The laser’s beam was spread with a Gaertner Spatial Filter, and the plateholder was placed where the beam just filled a 4” by 5” plate, tilted at Brewster’s angle for the maximum throughput of light to the coherence length bar, with the laser’s polarization correspondingly oriented. The bar was tilted so that its complete length could be seen through a camera viewfinder framed by the plateholder for later analysis. The bar just touched the holographic plate in the plateholder, so that was Ground Zero.

Here is the plateholder and the Coherence Length Bar, which is a piece of angle iron covered with Scotchlite contact paper. Scotchlite, registered trademark of 3M, has tiny glass beads embedded in it to give it retroreflective properties a la Dew Heiligenschein, (Google or Wikipedia that one!), and is typically used on street signs to make them glow very brightly when headlights hit them at night. Even though the spatially filtered light is incident at close to grazing incidence on the Bar in this set up, an amazing amount is retroreflected toward the spatial filter and the plateholder next to it.

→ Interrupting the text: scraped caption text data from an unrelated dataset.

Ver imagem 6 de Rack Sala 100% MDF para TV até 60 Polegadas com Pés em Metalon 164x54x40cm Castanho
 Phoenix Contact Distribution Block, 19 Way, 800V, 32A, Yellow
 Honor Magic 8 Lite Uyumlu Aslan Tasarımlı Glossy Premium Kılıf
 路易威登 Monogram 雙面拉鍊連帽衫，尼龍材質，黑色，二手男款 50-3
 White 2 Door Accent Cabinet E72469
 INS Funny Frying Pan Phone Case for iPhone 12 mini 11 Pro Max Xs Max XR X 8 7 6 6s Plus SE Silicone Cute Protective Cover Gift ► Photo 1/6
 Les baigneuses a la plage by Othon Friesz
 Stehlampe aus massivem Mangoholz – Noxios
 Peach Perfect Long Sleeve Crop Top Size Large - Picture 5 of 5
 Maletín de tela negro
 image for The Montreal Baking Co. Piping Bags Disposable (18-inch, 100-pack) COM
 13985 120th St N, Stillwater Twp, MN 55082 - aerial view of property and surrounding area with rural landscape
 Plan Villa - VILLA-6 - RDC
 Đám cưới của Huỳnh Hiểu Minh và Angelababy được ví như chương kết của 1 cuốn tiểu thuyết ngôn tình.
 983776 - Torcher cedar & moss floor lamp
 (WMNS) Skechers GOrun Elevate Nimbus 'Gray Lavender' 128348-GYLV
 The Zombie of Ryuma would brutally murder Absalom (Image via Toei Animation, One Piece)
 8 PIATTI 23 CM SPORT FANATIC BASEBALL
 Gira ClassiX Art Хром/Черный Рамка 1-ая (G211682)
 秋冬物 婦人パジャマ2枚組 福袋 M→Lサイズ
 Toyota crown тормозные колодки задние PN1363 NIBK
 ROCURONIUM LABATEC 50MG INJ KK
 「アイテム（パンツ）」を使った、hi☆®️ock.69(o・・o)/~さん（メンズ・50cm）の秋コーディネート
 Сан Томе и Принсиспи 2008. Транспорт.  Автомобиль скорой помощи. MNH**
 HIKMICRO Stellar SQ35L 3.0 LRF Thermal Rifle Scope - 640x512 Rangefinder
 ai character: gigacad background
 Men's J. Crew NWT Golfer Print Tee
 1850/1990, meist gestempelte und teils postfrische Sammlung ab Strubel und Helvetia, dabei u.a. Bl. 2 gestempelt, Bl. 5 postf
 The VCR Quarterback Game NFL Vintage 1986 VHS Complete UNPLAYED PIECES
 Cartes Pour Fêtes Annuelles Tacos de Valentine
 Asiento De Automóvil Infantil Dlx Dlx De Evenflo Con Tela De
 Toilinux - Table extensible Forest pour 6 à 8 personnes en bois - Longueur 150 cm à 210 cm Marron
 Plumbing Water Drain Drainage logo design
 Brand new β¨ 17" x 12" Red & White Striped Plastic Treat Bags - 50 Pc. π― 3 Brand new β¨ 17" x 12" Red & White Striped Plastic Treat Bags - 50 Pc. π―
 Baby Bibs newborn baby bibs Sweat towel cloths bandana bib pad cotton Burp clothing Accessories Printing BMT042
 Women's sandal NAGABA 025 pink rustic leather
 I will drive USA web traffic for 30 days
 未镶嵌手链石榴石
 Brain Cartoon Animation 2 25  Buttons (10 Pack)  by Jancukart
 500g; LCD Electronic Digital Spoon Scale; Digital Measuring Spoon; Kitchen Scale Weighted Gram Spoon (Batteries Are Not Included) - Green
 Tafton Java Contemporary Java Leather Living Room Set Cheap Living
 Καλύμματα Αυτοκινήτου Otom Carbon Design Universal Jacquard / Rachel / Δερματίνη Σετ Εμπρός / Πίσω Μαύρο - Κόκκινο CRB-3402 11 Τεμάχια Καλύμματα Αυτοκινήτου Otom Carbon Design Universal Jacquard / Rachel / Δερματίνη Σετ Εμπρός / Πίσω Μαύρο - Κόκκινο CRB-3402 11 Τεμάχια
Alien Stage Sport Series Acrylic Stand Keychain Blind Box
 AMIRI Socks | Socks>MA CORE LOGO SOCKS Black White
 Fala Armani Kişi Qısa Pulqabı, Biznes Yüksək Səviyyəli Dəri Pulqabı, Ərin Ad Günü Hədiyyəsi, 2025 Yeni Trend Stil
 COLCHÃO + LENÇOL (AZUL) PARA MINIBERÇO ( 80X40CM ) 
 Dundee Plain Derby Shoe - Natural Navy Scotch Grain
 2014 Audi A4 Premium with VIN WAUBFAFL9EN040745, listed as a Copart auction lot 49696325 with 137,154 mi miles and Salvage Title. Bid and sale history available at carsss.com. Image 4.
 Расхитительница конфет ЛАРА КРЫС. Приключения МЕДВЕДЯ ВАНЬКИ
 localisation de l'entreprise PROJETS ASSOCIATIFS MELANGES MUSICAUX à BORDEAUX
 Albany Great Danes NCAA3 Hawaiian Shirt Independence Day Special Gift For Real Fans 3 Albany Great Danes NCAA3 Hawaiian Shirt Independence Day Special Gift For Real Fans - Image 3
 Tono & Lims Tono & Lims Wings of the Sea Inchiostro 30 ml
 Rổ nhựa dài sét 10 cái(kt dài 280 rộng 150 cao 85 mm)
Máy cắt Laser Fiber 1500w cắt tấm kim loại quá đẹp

Calibrated every decimeter!

Exposures were made on Slavich PFG-01 plates of unknown heritage. The first one was done with a Uniphase 1145P purchased from Phil Bergeron of Holography Forum dot com fame. The plate was processed with CWC2 and PBQ bleach which gives an exact laser color replay with this material. The plate was replaced in the plateholder, so exactly that you can see some real time interference fringes at the edge of the bar in the picture below.

More Single Beam fun!

But the hologram was very noisy! Although the bar was kicking back a lot of light to the holographic plate during exposure, a lot of that was not coherent with the reference beam and simply fogged the plate, making the bar look like it was in a snow storm. Or the plates were fogged to begin with. Plus they are not that great either. The alignment procedure took into account photographing these holos so they can be published or uploaded. However, it is very hard to see what is going on in there when the coherence fades in and out, depth of field issues, photographic exposure times, etc., so the setup was re-configured to a transmission mode. Those ancient holographers did know what they were doing!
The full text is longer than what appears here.